Há também os que usam os salários baixos e as condições de trabalho ruins para justificar a própria incompetência e falta de interesse pelo magistério. Entretanto, muito pior do que a falta de coragem para participar de uma mobilização coletiva, é perceber professores que assistem de camarote a colegas que dão a cara para bater (e o ponto para cortar) em prol de reivindicações que trarão benefício para todos, enquanto se aproveitam de suas ausências em sala para ficarem mais tempo sem fazer nada ou irem mais cedo para a casa. Os movimentos de greve são momentos muito propícios para descobrir de que material são feitos os membros de uma classe.
Horas antes de fechar este texto, recebi matéria da Folha de São Paulo reportando as isenções fiscais concedidas pelo governo do estado a salões de beleza frequentados pela primeira dama, a motéis, termas e boates (frequentados sabe-se lá por quem!) que somam o montante de R$ 50 bilhões que deixaram de ir para os cofres públicos do estado.
Semanas atrás, alguns deputados da Assembleia Legislativa convocaram o governador para prestar esclarecimentos sobre suas relações com um ex-doleiro e o dono da empreiteira Delta que vem ganhando todas as concorrências para obras públicas no estado do Rio. Estavam todos juntos na Bahia na ocasião da queda de um helicóptero com vítimas fatais.
Eu ligo a tv ou vejo na internet manifestações para legalização da maconha, parada gay, marcha por Jesus, movimento para liberar o uso de skate na Praça XV, artistas se mobilizando pelos bombeiros... Tudo é válido. Mas quando as pessoas vão finalmente apoiar a única causa que abraça todas as outras: a EDUCAÇÃO?
Há um clamor por melhor educação de norte a sul do país e parece que ninguém quer ver ou se importar com isso.
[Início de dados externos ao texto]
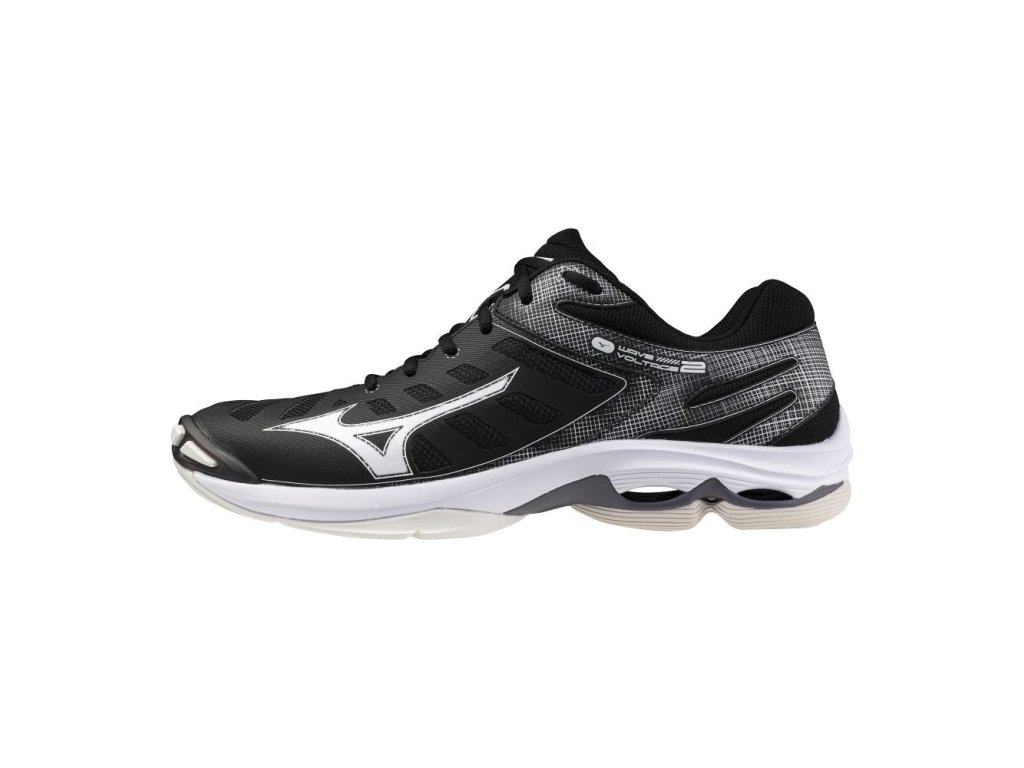 MIZUNO boty WAVE VOLTAGE 2  Sportovní halová obuv Mizuno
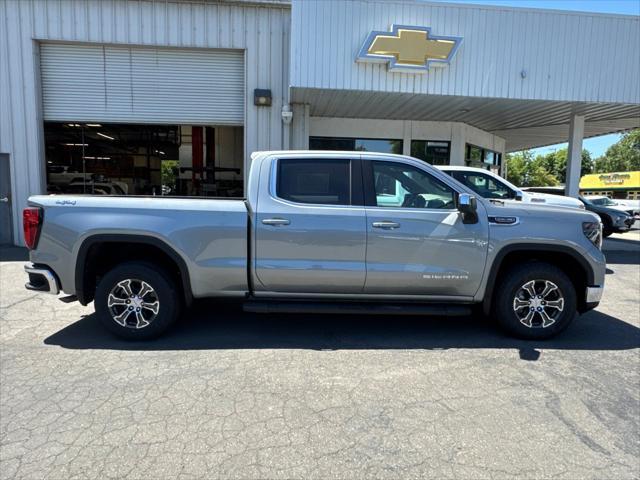 new 2025 GMC Sierra 1500 car, priced at $58,765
Pois quando você estiver preso em um engarrafamento no centro da cidade e a causa for uma manifestação de professores, abra o vidro do carro ou do ônibus e aplauda, buzine, apoie! Quando você estiver insatisfeito com a situação da sua cidade, do seu estado ou do seu país, pense que cada povo tem o governo que merece. Um povo sem educação é um povo condenado a ser refém de bandidos, sejam eles engravatados, uniformizados ou organizados. Pense nisso! Pense!